Contrariamente a quanto si possa pensare, non sono le lane minerali più dense quelle che offrono
le prestazioni migliori.
Funzione di ammortizzatore
La isolante minerale gioca questa funzione quando, per la sua presenza all’interno
dei sistemi massa-molla-massa, essa diminuisce l’ampiezza di un movimento
ondulatorio e riduce l’intensità della trasmissione sonora.
Il guadagno nell’isolamento è indipendente dalla massa volumica della lana
minerale.
Funzione di molla
La isolante minerale svolge questa funzione quando riduce l’energia sonora grazie
alle proprie proprietà di elasticità.
Il guadagno nell’isolamento è, quindi, funzione dell’elasticità della molla.
Funzione di attenuatore
La isolante minerale svolge questa funzione quando essa riduce la trasmissione
sonora, utilizzando le sue proprietà intrinseche d’indebolimento acustico.

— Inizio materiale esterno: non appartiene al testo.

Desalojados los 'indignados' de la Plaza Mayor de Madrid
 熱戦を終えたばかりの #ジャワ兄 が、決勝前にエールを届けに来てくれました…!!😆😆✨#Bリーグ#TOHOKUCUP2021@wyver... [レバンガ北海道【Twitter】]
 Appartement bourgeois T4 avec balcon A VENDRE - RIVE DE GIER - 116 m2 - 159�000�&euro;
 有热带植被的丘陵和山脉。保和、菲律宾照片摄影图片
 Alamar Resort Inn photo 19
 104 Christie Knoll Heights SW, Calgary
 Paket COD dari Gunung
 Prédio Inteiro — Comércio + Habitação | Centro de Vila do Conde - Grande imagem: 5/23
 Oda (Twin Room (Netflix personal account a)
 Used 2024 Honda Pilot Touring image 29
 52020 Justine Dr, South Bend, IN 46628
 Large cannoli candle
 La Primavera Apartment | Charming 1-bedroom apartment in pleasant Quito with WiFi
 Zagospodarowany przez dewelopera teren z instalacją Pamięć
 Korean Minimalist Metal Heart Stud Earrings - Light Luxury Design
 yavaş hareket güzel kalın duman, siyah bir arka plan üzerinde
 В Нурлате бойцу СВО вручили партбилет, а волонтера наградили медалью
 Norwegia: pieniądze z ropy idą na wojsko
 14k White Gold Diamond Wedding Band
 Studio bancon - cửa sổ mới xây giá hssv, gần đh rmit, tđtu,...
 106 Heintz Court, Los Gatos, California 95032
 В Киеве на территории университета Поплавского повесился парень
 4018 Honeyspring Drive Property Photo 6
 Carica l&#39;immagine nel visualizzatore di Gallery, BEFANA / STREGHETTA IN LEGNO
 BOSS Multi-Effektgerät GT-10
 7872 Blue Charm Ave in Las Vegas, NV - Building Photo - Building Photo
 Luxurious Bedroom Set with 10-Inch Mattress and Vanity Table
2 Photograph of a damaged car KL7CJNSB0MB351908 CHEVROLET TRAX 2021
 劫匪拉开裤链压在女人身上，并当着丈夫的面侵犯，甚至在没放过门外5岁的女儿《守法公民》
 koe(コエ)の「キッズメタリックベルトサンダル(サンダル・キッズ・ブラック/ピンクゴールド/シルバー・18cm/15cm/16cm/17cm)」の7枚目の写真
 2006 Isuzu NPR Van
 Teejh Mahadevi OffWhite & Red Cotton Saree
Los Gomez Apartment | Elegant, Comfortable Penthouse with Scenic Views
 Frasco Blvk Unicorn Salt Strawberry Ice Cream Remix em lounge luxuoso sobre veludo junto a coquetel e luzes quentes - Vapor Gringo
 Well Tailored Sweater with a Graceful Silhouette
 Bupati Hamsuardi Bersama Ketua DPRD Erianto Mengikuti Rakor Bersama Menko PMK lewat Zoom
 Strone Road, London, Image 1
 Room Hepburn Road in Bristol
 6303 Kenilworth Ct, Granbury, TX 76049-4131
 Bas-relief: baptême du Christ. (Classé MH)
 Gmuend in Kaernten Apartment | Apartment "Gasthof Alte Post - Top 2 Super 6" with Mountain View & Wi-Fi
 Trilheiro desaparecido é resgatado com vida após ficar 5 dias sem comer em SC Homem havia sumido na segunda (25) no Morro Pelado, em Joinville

In presenza di un certo spessore e a parità di isolamento acustico, la lana di
roccia deve avere una densità tre volte superiore a quella della isolante minerale.
Ruolo di dissipatore
La isolante minerale gioca questa funzione quando, riducendo i tempi di riverbero,
grazie alle proprie qualità di assorbimento, essa diminuisce il livello sonoro.
In presenza di un certo spessore e di prestazioni uguali, la lana di roccia
deve avere una densità tre volte superiore a quella della isolante minerale.